Supported models and hardware
We are continually expanding our support for other model types and plan to include them in future updates.
Supported embeddings models
Text Embeddings Inference currently supports Nomic, BERT, CamemBERT, XLM-RoBERTa models with absolute positions, JinaBERT model with Alibi positions and Mistral, Alibaba GTE and Qwen2 models with Rope positions.
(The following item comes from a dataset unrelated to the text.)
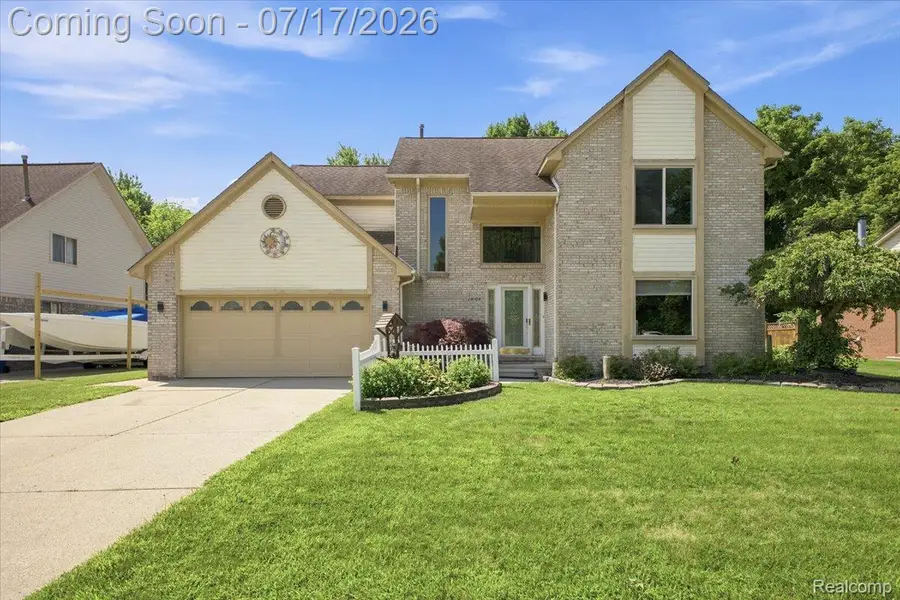28108 Ruby Ct., Chesterfield, MI 48047 - #2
Below are some examples of the currently supported models:
MTEB Rank | Model Size | Model Type | Model ID |
---|---|---|---|
1 | 7B (Very Slow) | Mistral | Salesforce/SFR-Embedding-2_R |
15 | 0.4B | Alibaba GTE | Alibaba-NLP/gte-large-en-v1.5 |
20 | 0.3B | Bert | WhereIsAI/UAE-Large-V1 |
24 | 0.5B | XLM-RoBERTa | intfloat/multilingual-e5-large-instruct |
N/A | 0.1B | NomicBert | nomic-ai/nomic-embed-text-v1 |
N/A | 0.1B | NomicBert | nomic-ai/nomic-embed-text-v1.5 |
N/A | 0.1B | JinaBERT | jinaai/jina-embeddings-v2-base-en |
N/A | 0.1B | JinaBERT | jinaai/jina-embeddings-v2-base-code |
To explore the list of best performing text embeddings models, visit the Massive Text Embedding Benchmark (MTEB) Leaderboard.
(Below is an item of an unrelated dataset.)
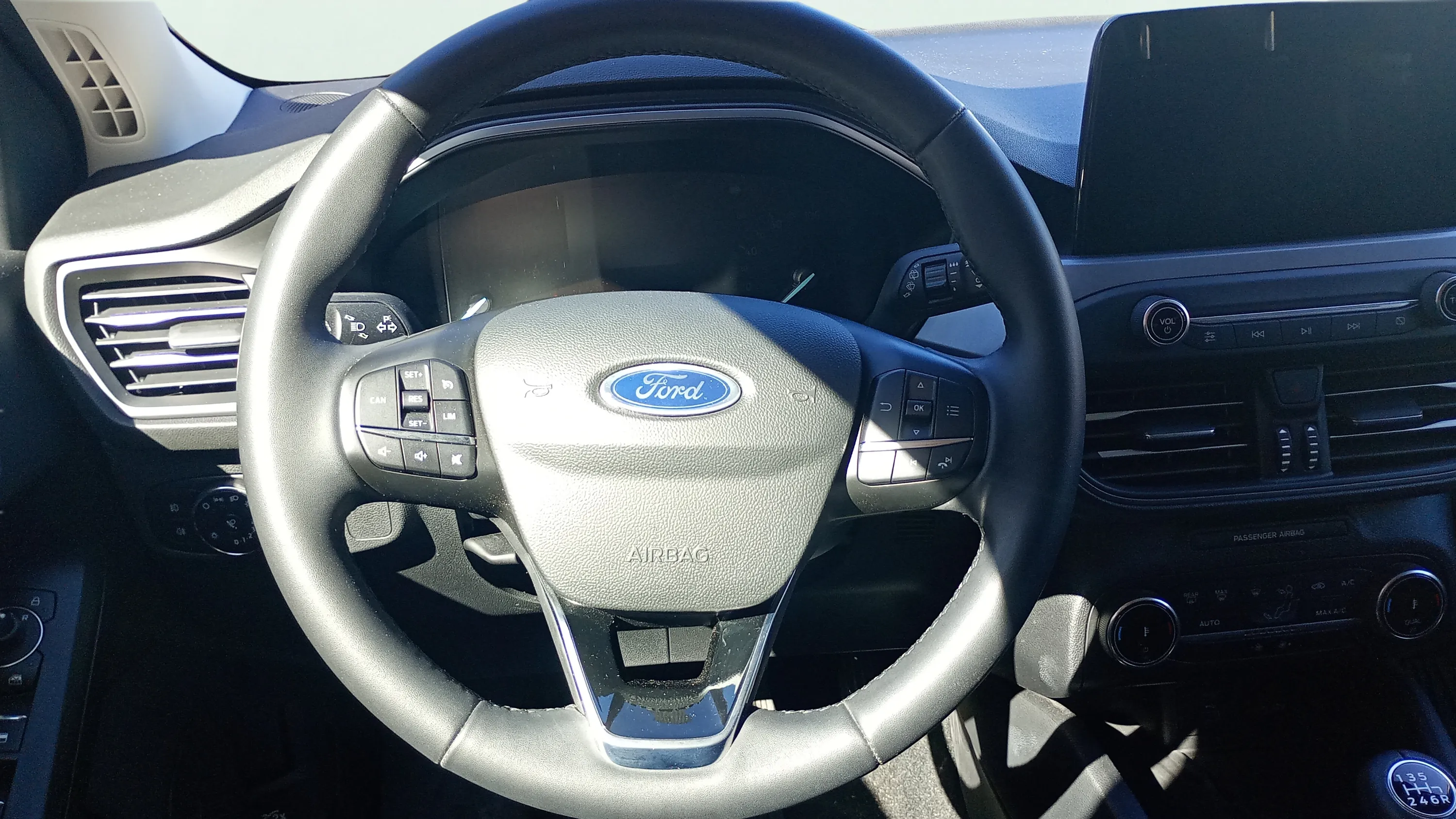 Ford Focus 1.0 EcoBoost MHEV Active Style SIP SB - foto 8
Supported re-rankers and sequence classification models
Text Embeddings Inference currently supports CamemBERT, and XLM-RoBERTa Sequence Classification models with absolute positions.
Below are some examples of the currently supported models:
Task | Model Type | Model ID | Revision |
---|---|---|---|
Re-Ranking | XLM-RoBERTa | BAAI/bge-reranker-large | refs/pr/4 |
Re-Ranking | XLM-RoBERTa | BAAI/bge-reranker-base | refs/pr/5 |
Sentiment Analysis | RoBERTa | SamLowe/roberta-base-go_emotions |
Supported hardware
Text Embeddings Inference supports can be used on CPU, Turing (T4, RTX 2000 series, …), Ampere 80 (A100, A30), Ampere 86 (A10, A40, …), Ada Lovelace (RTX 4000 series, …), and Hopper (H100) architectures.
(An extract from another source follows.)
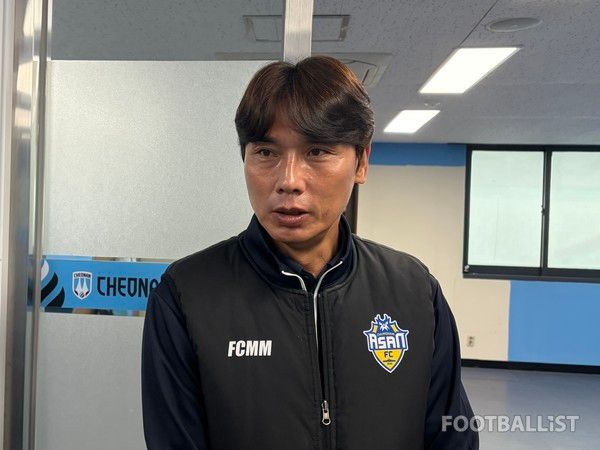 김효일 충남아산FC 감독대행. 김진혁 기자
The library does not support CUDA compute capabilities < 7.5, which means V100, Titan V, GTX 1000 series, etc. are not supported. To leverage your GPUs, make sure to install the NVIDIA Container Toolkit, and use NVIDIA drivers with CUDA version 12.2 or higher.
Find the appropriate Docker image for your hardware in the following table:
Architecture | Image |
---|---|
CPU | ghcr.io/huggingface/text-embeddings-inference:cpu-1.6 |
Volta | NOT SUPPORTED |
Turing (T4, RTX 2000 series, …) | ghcr.io/huggingface/text-embeddings-inference:turing-1.6 (experimental) |
Ampere 80 (A100, A30) | ghcr.io/huggingface/text-embeddings-inference:1.6 |
Ampere 86 (A10, A40, …) | ghcr.io/huggingface/text-embeddings-inference:86-1.6 |
Ada Lovelace (RTX 4000 series, …) | ghcr.io/huggingface/text-embeddings-inference:89-1.6 |
Hopper (H100) | ghcr.io/huggingface/text-embeddings-inference:hopper-1.6 (experimental) |
Warning: Flash Attention is turned off by default for the Turing image as it suffers from precision issues.
You can turn Flash Attention v1 ON by using the USE_FLASH_ATTENTION=True
environment variable.